> Exercise description:
Could you copy exactly the lines below, beginning at the line with "Sanborn Fire Insurance Map from" and stopping after the line with "Sweet Pea Soup", with no pictures?

> Records provided:
--------------------------------

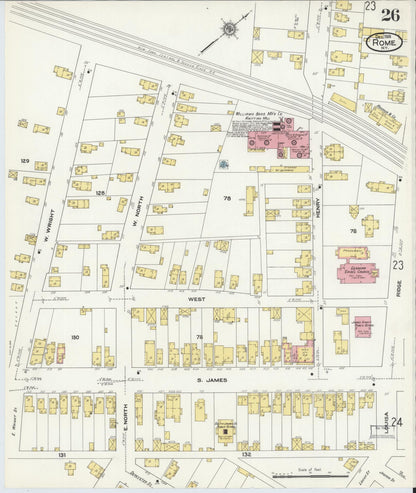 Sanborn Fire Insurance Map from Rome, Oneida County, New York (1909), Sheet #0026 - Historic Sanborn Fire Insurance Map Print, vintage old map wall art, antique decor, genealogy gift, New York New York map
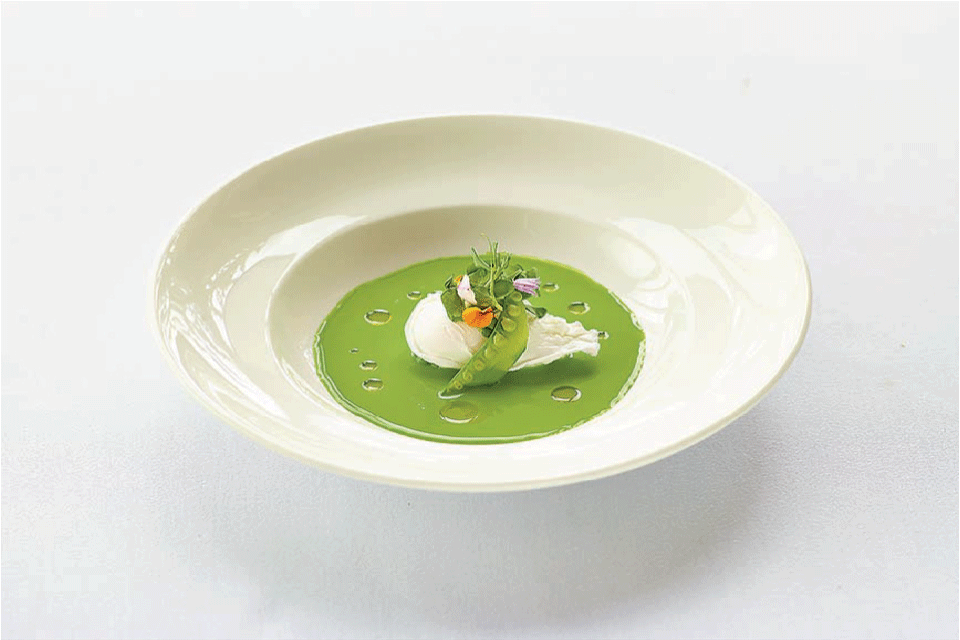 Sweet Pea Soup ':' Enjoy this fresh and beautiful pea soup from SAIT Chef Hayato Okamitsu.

--------------------------------

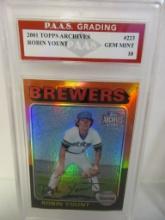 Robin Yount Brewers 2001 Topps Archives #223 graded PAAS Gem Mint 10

--------------------------------

> Exercise result:
 Sanborn Fire Insurance Map from Rome, Oneida County, New York (1909), Sheet #0026 - Historic Sanborn Fire Insurance Map Print, vintage old map wall art, antique decor, genealogy gift, New York New York map
 Sweet Pea Soup ':' Enjoy this fresh and beautiful pea soup from SAIT Chef Hayato Okamitsu.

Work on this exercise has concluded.